= Kia (magic) =

Mystical concept similar to the Tao

Within the magical system of Austin Osman Spare, Kia is a mystical concept – a sort of universal consciousness or unity, similar to the Tao. The concept has been adopted by numerous other occultists, such as Kenneth Grant, and has been particularly influential on the chaos magic movement.

== Concept ==

The first reference to "Kia" appears on a painting exhibited by Spare in 1904, when he was just 17 years old. Spare conceived of Kia as a sort of universal mind, of which individual human consciousnesses are aspects. Spare further elaborated on the concept in The Book of Pleasure (1913), introducing it with the words:
Of name it has no name, to designate. I call it Kia I dare not claim it as myself.
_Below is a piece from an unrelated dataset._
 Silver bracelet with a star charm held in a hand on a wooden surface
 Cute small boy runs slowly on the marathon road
The Kia which can be expressed by conceivable ideas, is not the eternal Kia, which burns up all belief but is the archetype of "self," the slavery of mortality.
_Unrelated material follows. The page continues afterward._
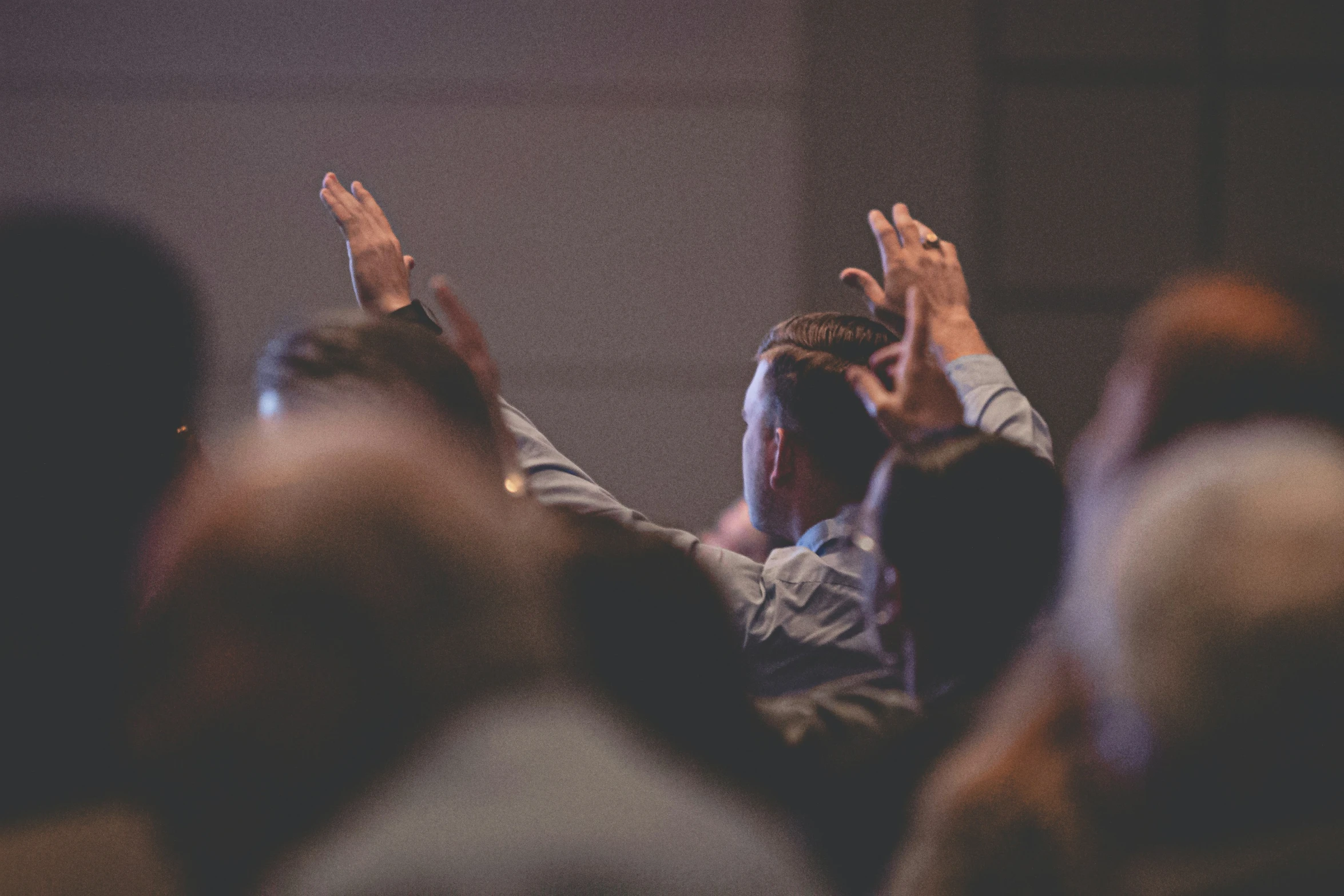 several people clapping and standing together, with the woman holding her hands up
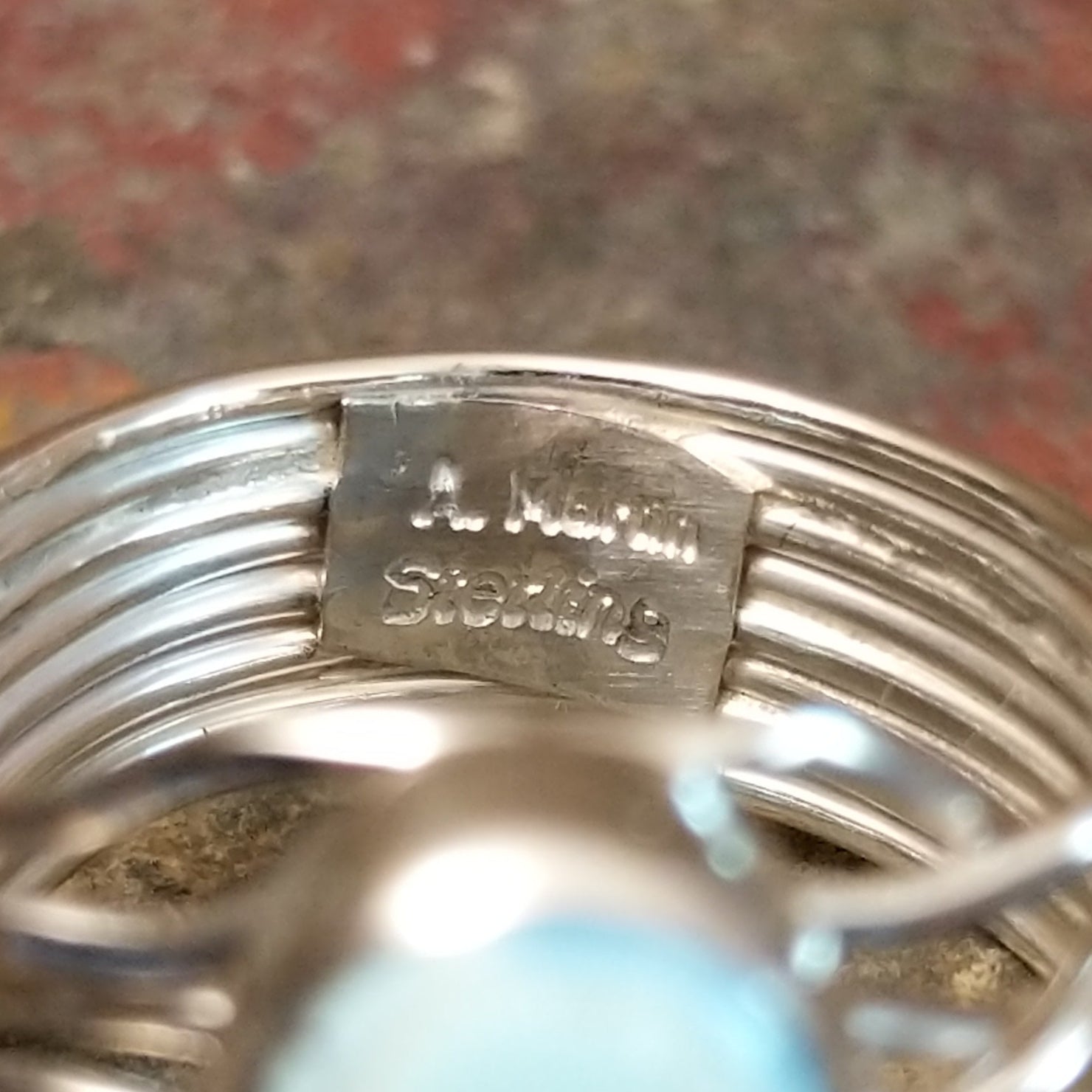 Silver ring with signature on the inner band, no stones or decoration present.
Spare's words here bear marked resemblance to the Tao Te Ching, which states "The Tao that can be told is not the eternal Tao; The name that can be named is not the eternal name." – and like the Tao, or the Hindu Brahman, or the Sunyata of Buddhism, Spare's conception of Kia combined pure transcendent consciousness with a voidness inherent in all things.
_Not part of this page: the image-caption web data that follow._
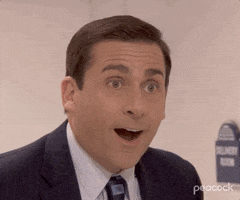 The Office gif. Actor Steve Carell as Michael in The Office hangs his mouth open in happy shock and is blown back by surprise.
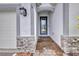 Close-up of the front door entrance showing stone and brick accents, covered entryway at 16848 Canopy Garden Dr, Port Charlotte, FL 33953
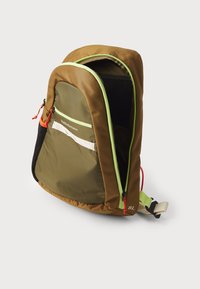 Brown and green backpack with contrasting bright green accents, textured fabric, front zip pocket, and adjustable strap. Capacity: 8L.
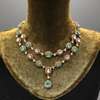 Ornate necklace with emerald green stones on a green velvet stand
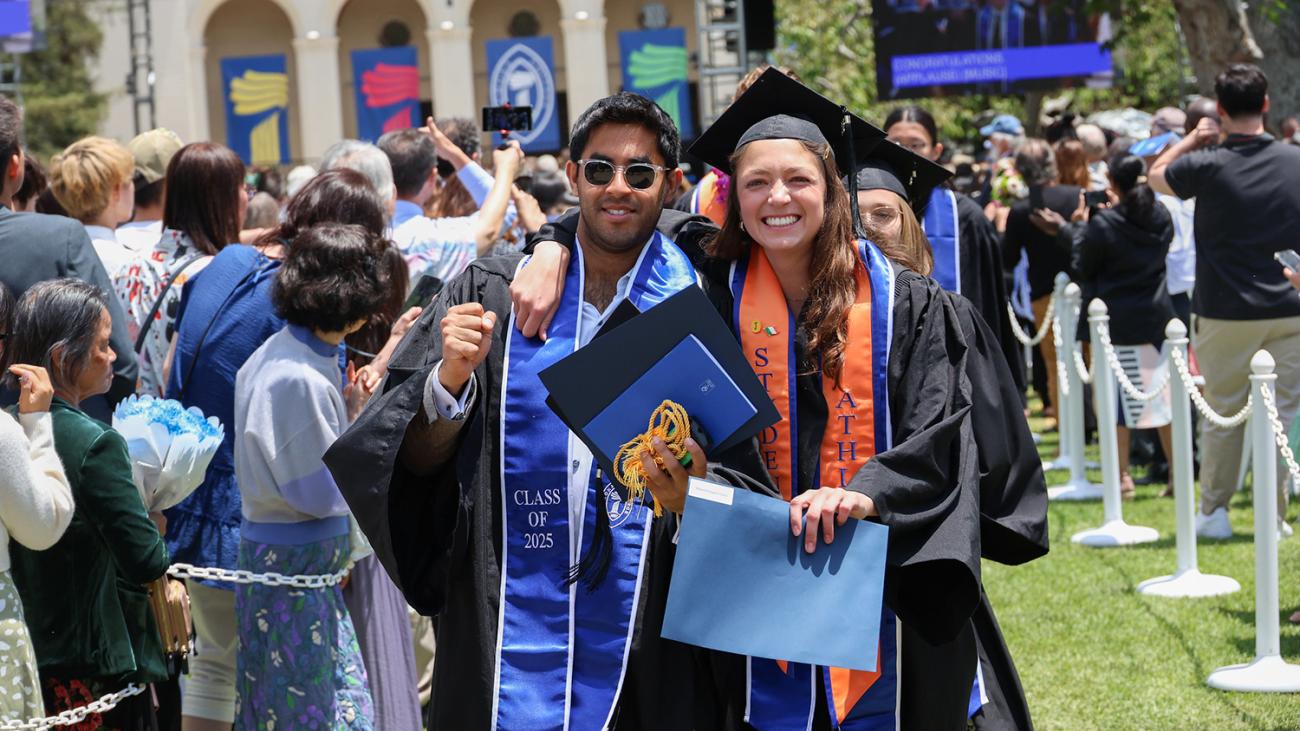 Two graduating Pomona students wearing caps and gowns, walking with arms around each other down the aisle at the completion of Commencement exercises.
The writer and occultist Kenneth Grant, who had known Spare in the 1950s, promoted Spare's ideas after his death, referring to his system as "Zos Kia Cultus". Grant emphasises the similarities between Kia and certain concepts from Eastern philosophy, comparing it to the Yab-Yum of Tantra, and describing reality as the dream of Kia. However, Grant also states that Kia differs from the Buddhist concept of voidness, in that it is realised through the body, rather than the mind, stating: "The Kia is present everywhere, but the immediacy of its realisation is sought through the flesh, as in Zen it is apprehended through the mind. The object is the same in both methods, but the means appear to vary."

Grant also departs from Spare in conceptualising Kia as inherently feminine, equating it with both the Wiccan Goddess and Aleister Crowley's Babalon – the basic idea being that Kia is a sort of all-encompassing void that is impregnated by the will of the magician, and that gives birth to magical results.

One of the founders of chaos magic, Peter J. Carroll, elaborated a system heavily influenced by Spare in his early writings, particularly Liber Null (1978). However, somewhat confusingly, Carroll uses the term "Kia" to refer to the consciousness of the individual: "the elusive 'I' which confers self-awareness". The more general universal force, of which Kia is an aspect, Carroll termed "Chaos".
The unity which appears to the mind to exert the twin functions of will and perception is called Kia by magicians. Sometimes it is called the spirit, or soul, or life force, instead... Kia is capable of occult power because it is a fragment of the great life force of the universe... The "thing" responsible for the origin and continued action of events is called Chaos by magicians... Chaos... is the force which has caused life to evolve itself out of dust, and is currently most concentratedly manifest in the human life force, or Kia, where it is the source of consciousness... To the extent that the Kia can become one with Chaos it can extend its will and perception into the universe to accomplish magic.